Terkait belum dilakukannya pengaspalan di Jalan Sunggal dan Jalan TB Simatupang yang rusak pasca pengerjaan Subdrain selesai, Plt Kepala Dinas SDABMBK Kota Medan, Ir Gibson Panjaitan ST MM, mengatakan pihaknya segera akan melakukan perbaikan.
"Tentu usai pengerjaan subdrain ada dampak terhadap kondisi jalan, karena pemasangan subdrain itu kan harus melalui proses penggalian (tanah). Tapi tentu kondisi ini sudah menjadi perhatian kita," ucap Gibson Panjaitan kepada Sumut Pos, Jumat (21/3/2025).
Dikatakan Gibson, usai subdrain dipasang, Dinas SDABMBK Kota Medan memang tidak ingin terburu-buru untuk melakukan pengaspalan jalan.
"Sebab kita ingin memastikan dulu, bahwa tidak ada masalah usai proses pengerjaan subdrain. Kita ingin memastikan bahwa subdrain yang dipasang berfungsi secara maksimal, karena ini penting untuk mengatasi masalah genangan di daerah tersebut," ujarnya.
Saat ini, sambung Gibson, pihaknya sudah memastikan bahwa subdrain tersebut telah berfungsi sebagaimana mestinya. Untuk itu, Dinas SDABMBK Kota Medan akan segera melakukan perbaikan berupa pengaspalan di Jalan Sunggal dan Jalan T.B Simatupang yang berdampak proses pengerjaan subdrain tersebut.
"Jalan Sunggal dan sekitarnya tersebut akan kita lakukan perbaikan dengan melakukan pengaspalan. Pengerjaan jalan itu sudah masuk dalam rencana kerja tahun ini," katanya.

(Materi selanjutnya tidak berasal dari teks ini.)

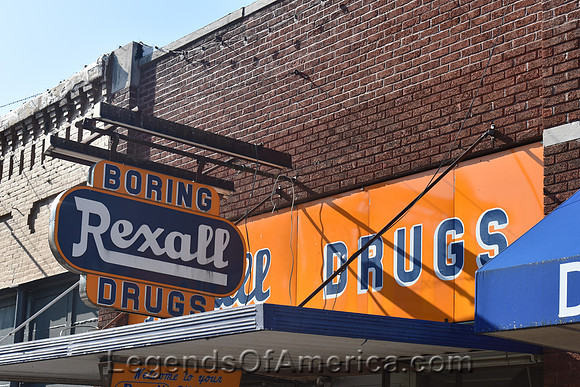 Warsaw, MO - Drug Store Sign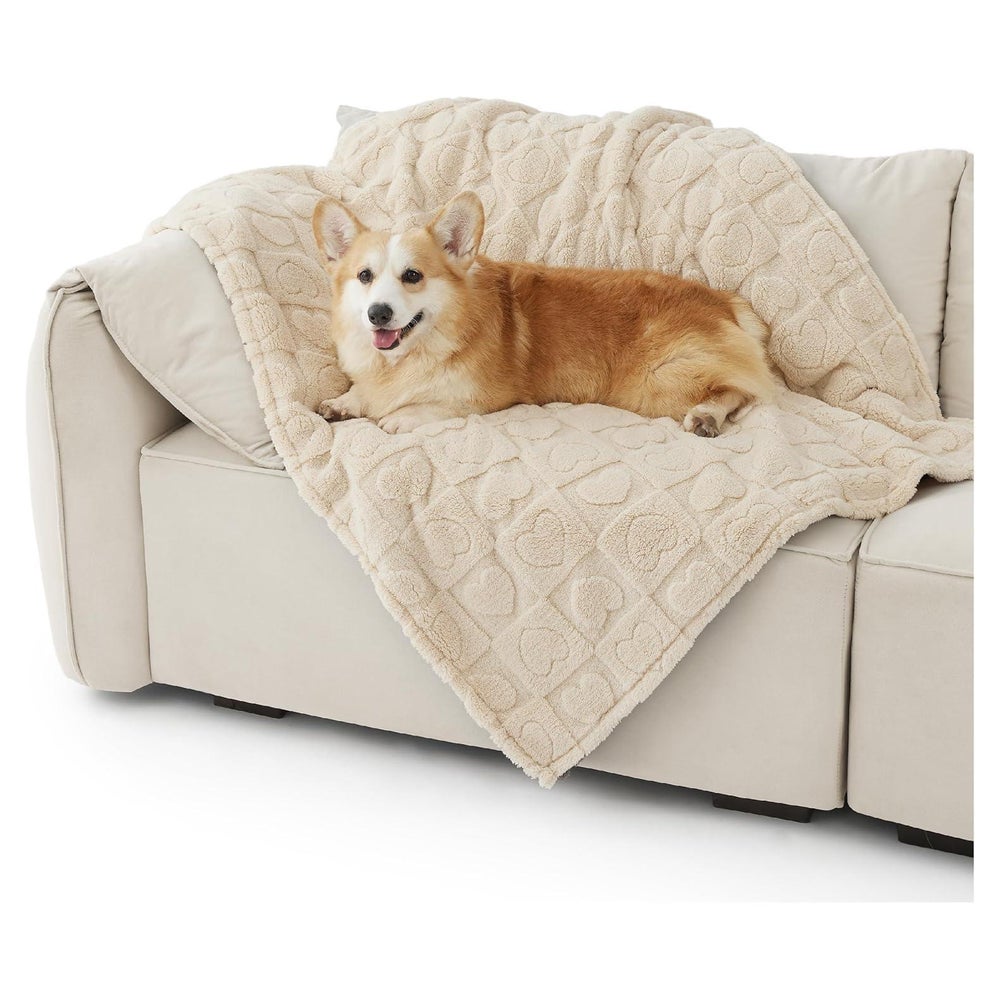 Hundedecke Waschbar 120x100 Sofa Coral Fleece L (120x100cm) 1 St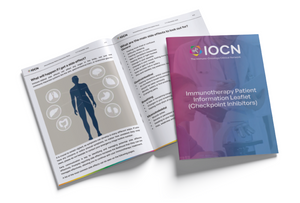 Immunotherapy patient information leaflet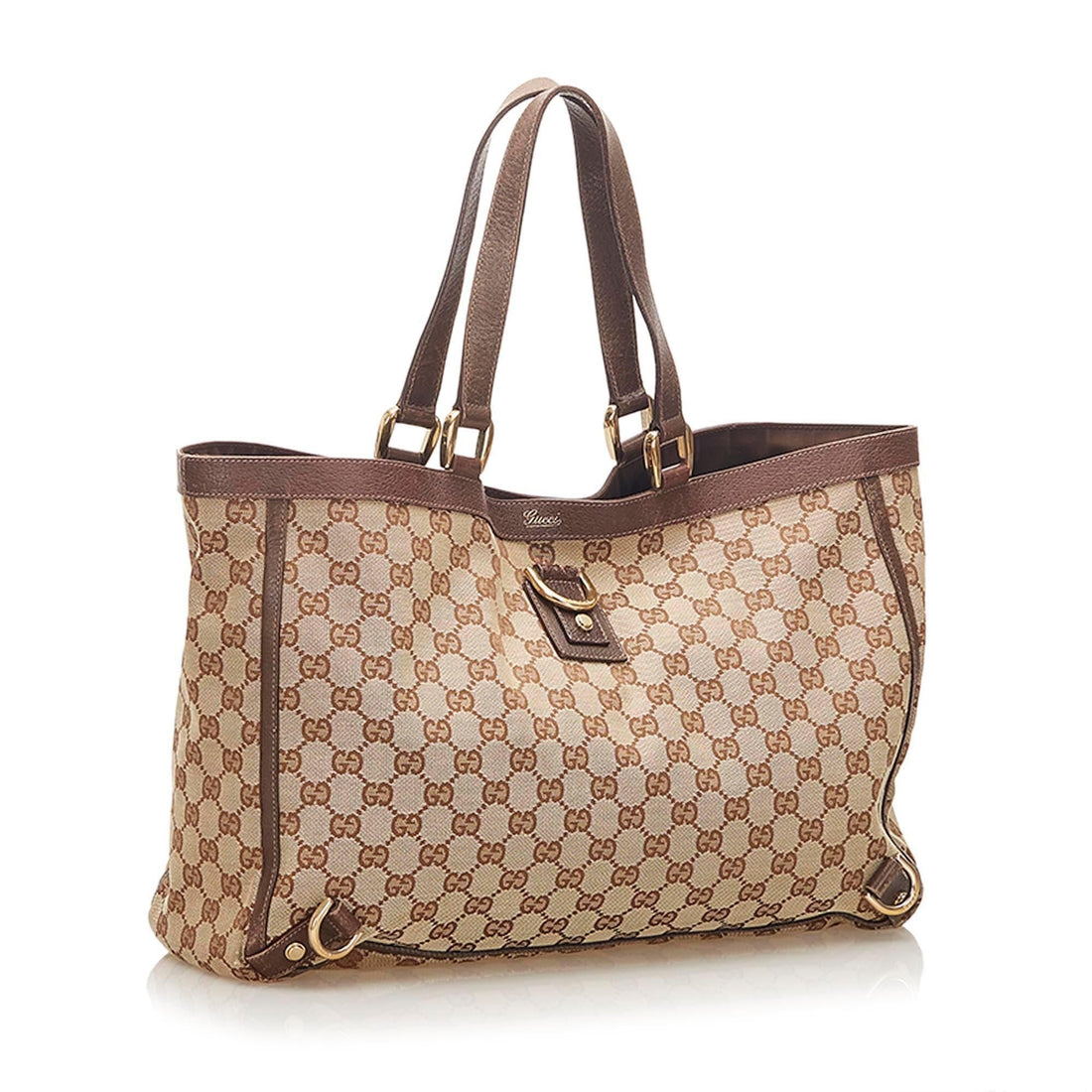 Gucci GG Canvas Abbey D- Ring Tote Bag (MLB-18455)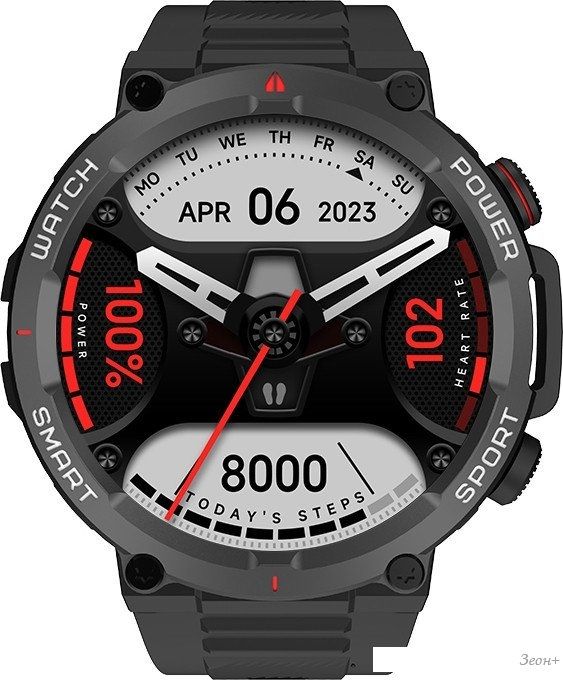 Умные часы Blackview W50 (черный)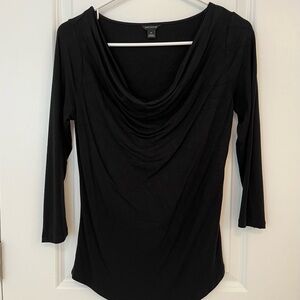 Ann Taylor Classic Cowl Neck Top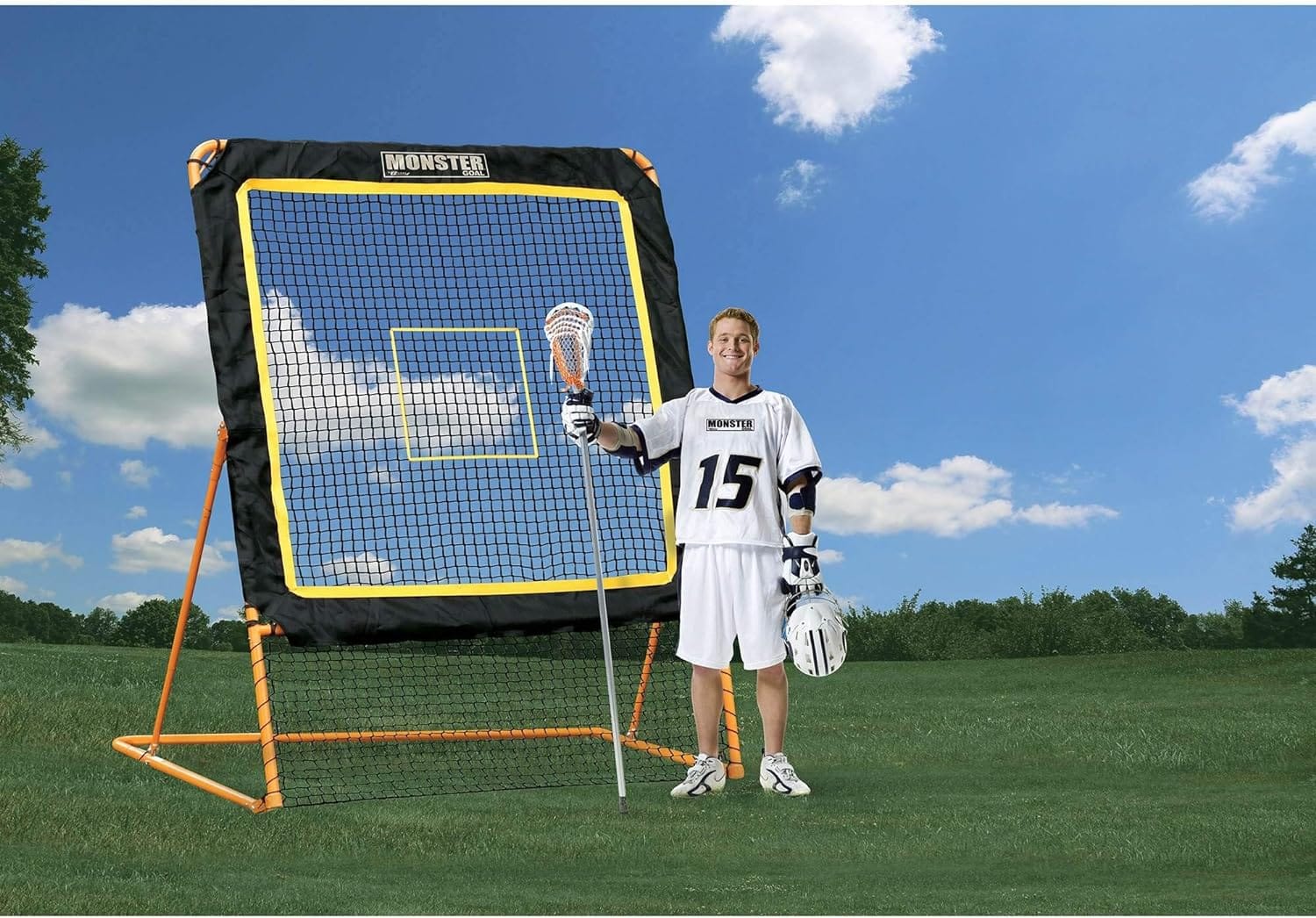 EZGoal Professional Folding 8x6' Lacrosse Rebounder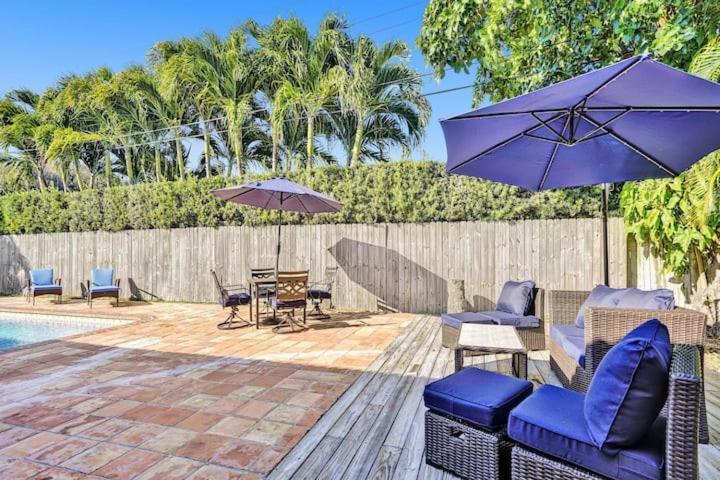 דירפילד ביץ' Beautiful 4 Bedrooms/Pool/Walk To Beach מראה חיצוני תמונה
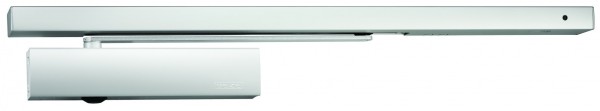 GEZE R-Gleitschiene BG TS 5000 silberfarbig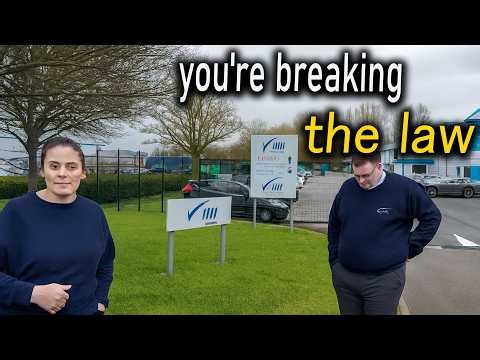 UK Officer LOSES IT Trying to Stop Drone… Instant BACKFIRES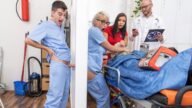 BrazzersExxtra – Nurse Gets A Glory Hole Ass Fuck – Angel Wicky, Jordi El Nino Polla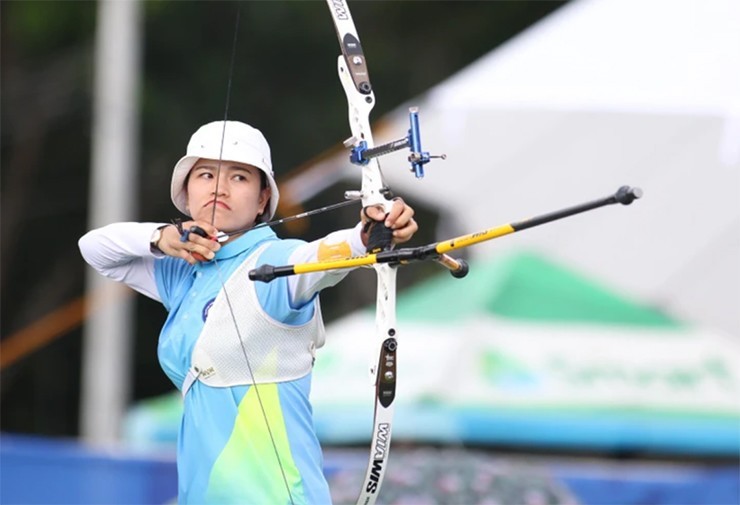 Cung thủ Lê Quốc Phong giành tấm vé tham dự Olympic thứ 12 cho Thể thao Việt Nam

Dijelaskan Gibson, saat ini rencana proses pengerjaan Jalan Sunggal dan Jalan T.B Simatupang tersebut sedang masuk dalam tahap persiapan. Rencananya, pengerjaan akan dimulai usai libur Idul Fitri 2025.
"Rencananya pengerjaan akan kita mulai selesai lebaran nanti," pungkasnya.
Seperti diketahui, pengerjaan Subdrain Sunggal sudah selesai dikerjakan di tahun 2024 lalu. Pembangunan drainase tersebut menggunakan box culvert berukuran 2x2 meter dengan panjang 1,5 kilometer.
Pemasangan box culvert merupakan salah satu upaya Pemko Medan untuk mengatasi masalah banjir di Kota Medan, yakni dengan mengalirkan air ke Sungai Baderah menuju Sungai Belawan. Diyakini, subdrain tersebut dapat mengatasi masalah banjir di seputaran kawasan Jalan Sunggal serta mengurai Sungai Bederah menuju ke pembuangan Sungai Belawan.